Je retrouve le pré, l’étang, les noyers ronds,
Les rosiers vifs avec leurs vols de moucherons ;
Le sapin dont l’écorce est résineuse et chaude ;
Tout le miel de l’été aromatise et rôde
Dans le vent qui se pend aux fleurs comme un essaim.
— On voit déjà gonfler et mûrir le raisin,
L’odeur du blé nombreux se lève de la terre.
Le jour est abondant et pur, l’air désaltère
Comme l’eau que l’on boit à l’ombre dans les puits,
Le jardin se repose, enfermé dans son buis...
— Ah ! moment délicat et tendre de l’année,
Je vais vous respirer tout au long des journées
Et presser sur mon cœur les moissons du chemin,
Je vais aller goûter et prendre dans mes mains
Le bois, les sources d’eaux, la haie et ses épines ;
— Et, lorsque sur le bord rosissant des collines
Vous irez descendant et mourant, beau soleil.
Je reviendrai, suivant dans l’air calme et vermeil
La route du silence et de l’odeur fruitière,
Au potager fleuri, plein d’herbes familières,
Heureuse de trouver, au cher instant du soir.
Le jardin sommeillant, l’eau fraîche, et l’arrosoir...


A SOI-MÊME


Mon cœur, plein de douceur et plein d’étonnement,
Cessez de vous mêler à la foule des hommes.
Leurs cris passent vos sens et votre entendement ;
Demeurons l’être simple et tendre que nous sommes...

Craignez les jeux cruels qu’on mène en leurs maisons,
Ils vous détourneraient de la sainte nature,
De l’odeur des jardins et du goût des saisons :
Aimez ce qui renaît, ce qui chante et qui dure.

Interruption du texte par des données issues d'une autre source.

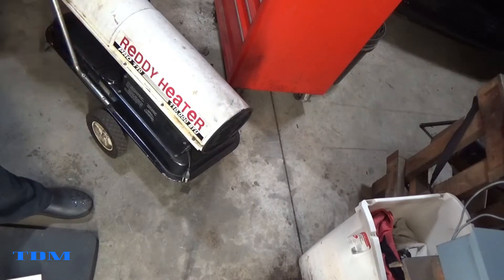Hey, Mike the Disgruntled Mechanic here, back with you coming straight from the Disgruntled Mechanic Garage. Today's project isn't a vehicle — it's one of the sources I use to heat my shop. As you can see, I'm not running it now, so you can probably see my breath because it's rather cool in here. It's a Ready Heater Pro 110 — I don't think they make this model anymore, and Ready Heaters may not be in business.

Vivez sans rechercher leur amère union,
Respirez au milieu des plantes et des bêtes.
Ce sont de fraternels et sages compagnons,
Innocens, sérieux et doux comme vous êtes.

Devant la nuit tranquille et la bonté du jour
Ces hommes ont le cœur plein de crainte et de haine,
Et vous êtes enclin aux œuvres de l’amour
Qui répand sa rosée et ne sait pas sa peine.

— Voyez comme leur bruit et leurs emportemens
Accablent le matin limpide et font injure
A la raison, ainsi qu’au juste sentiment
Qui veut que l’on choisisse et goûte avec mesure.

Bondissant sous le joug de leur pesante humeur,
Ils sont bandés de peur, de colère et d’envie...
Et pourtant le jour naît, suit son destin et meurt,
— Ils ne changeront rien à l’ordre de la vie.

Mon cœur, entendez-vous cet oiseau buissonnier.
Tout, en dehors de l’air étincelant, est sombre.
Voici l’été touffu, voyez ce marronnier,
Nous allons tous les deux nous vêtir de son ombre...


Ctesse M. DE NOAILLES.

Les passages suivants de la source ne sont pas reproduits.